I have a pod that runs containers which require access to sensitive information like API keys and DB passwords. Right now, these sensitive values are embedded in the controller definitions like so:
env:
- name: DB_PASSWORD
value: password
which are then available inside the Docker container as the $DB_PASSWORD
environment variable. All fairly easy.
But reading their documentation on Secrets, they explicitly say that putting sensitive configuration values into your definition breaches best practice and is potentially a security issue. The only other strategy I can think of is the following:
- create an OpenPGP key per user community or namespace
- use crypt to set the configuration value into etcd (which is encrypted using the private key)
- create a kubernetes secret containing the private key, like so
- associate that secret with the container (meaning that the private key will be accessible as a volume mount), like so
- when the container is launched, it will access the file inside the volume mount for the private key, and use it to decrypt the conf values returned from etcd
- this can then be incorporated into confd, which populates local files according to a template definition (such as Apache or WordPress config files)
This seems fairly complicated, but more secure and flexible, since the values will no longer be static and stored in plaintext.

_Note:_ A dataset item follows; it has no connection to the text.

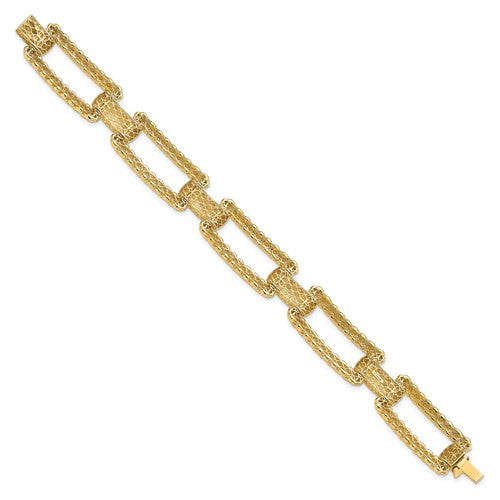14k Large Textured Paperclip Yellow Gold Bracelet - HK Jewels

So my question, and I know it's not an entirely objective one, is whether this is completely necessary or not? Only admins will be able to view and execute the RC definitions in the first place; so if somebody's breached the kubernetes master, you have other problems to worry about. The only benefit I see is that there's no danger of secrets being committed to the filesystem in plaintext...

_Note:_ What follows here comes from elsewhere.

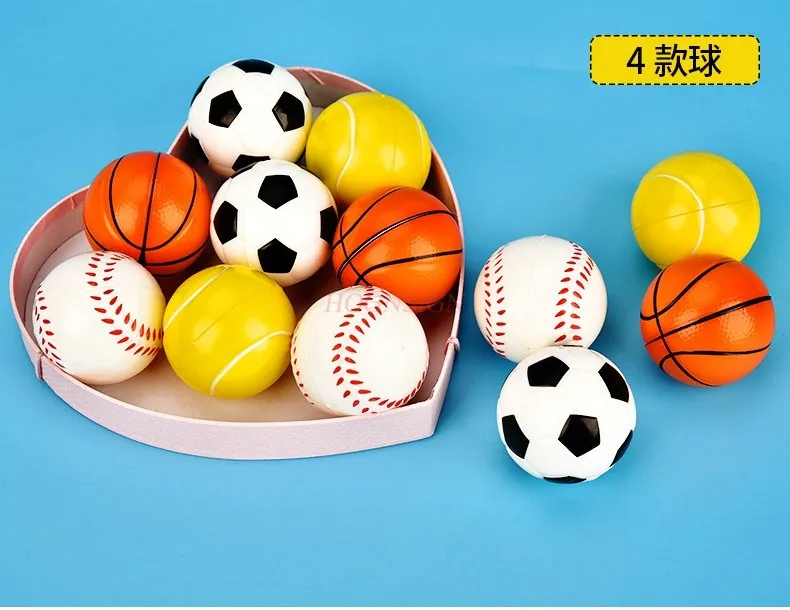 12 pezzi di palla in spugna morbida e solida, racchetta elastica, basket, calcio, tennis, mini palla per asilo giocattolo per bambini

Are there any other ways to populate Docker containers with secret information in a secure way?
Unless you have many megabytes of config, this system sounds unnecessarily complex. The intended usage is for you to just put each config into a secret, and the pods needing the config can mount that secret as a volume.
You can then use any of a variety of mechanisms to pass that config to your task, e.g. if it's environment variables
source secret/config.sh; ./mybinary
is a simple way.I don't think you gain any extra security by storing a private key as a secret.